- PROBLEM TO SOLVE
Leave the pictures out, and transcribe the material below exactly from the line with "206 PEAK DR" to the line with "2018 Chrysler Pacifica Touring L", both lines included.

- RECORDS
________________________

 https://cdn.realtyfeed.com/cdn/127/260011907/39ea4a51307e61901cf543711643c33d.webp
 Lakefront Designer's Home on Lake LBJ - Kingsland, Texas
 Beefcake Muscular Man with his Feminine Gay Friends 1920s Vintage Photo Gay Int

________________________

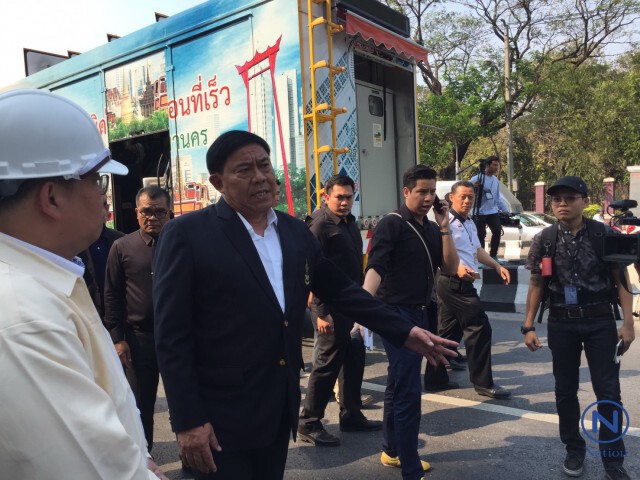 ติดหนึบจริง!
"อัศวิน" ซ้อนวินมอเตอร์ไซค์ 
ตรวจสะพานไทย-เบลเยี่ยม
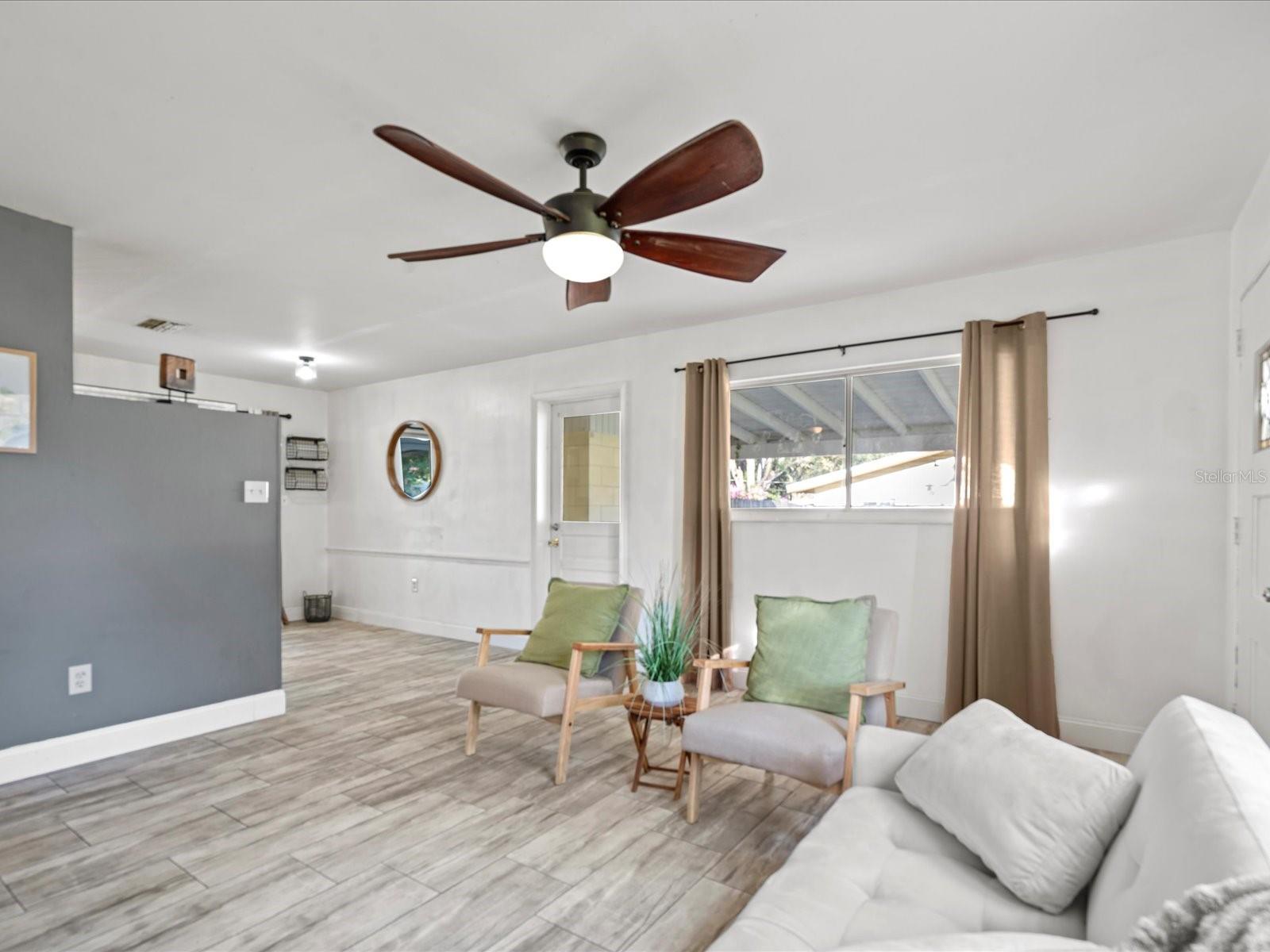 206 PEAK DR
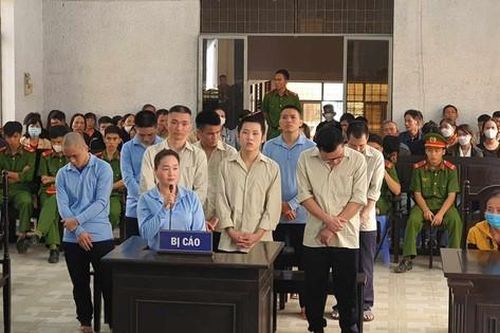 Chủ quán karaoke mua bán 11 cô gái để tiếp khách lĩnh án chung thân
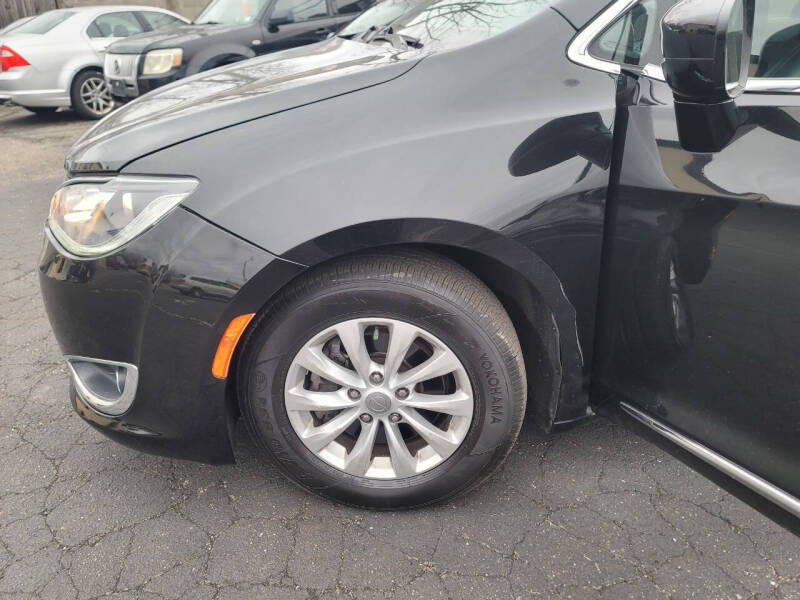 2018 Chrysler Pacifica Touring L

________________________

- REPLY TO THE TASK
 206 PEAK DR
 Chủ quán karaoke mua bán 11 cô gái để tiếp khách lĩnh án chung thân
 2018 Chrysler Pacifica Touring L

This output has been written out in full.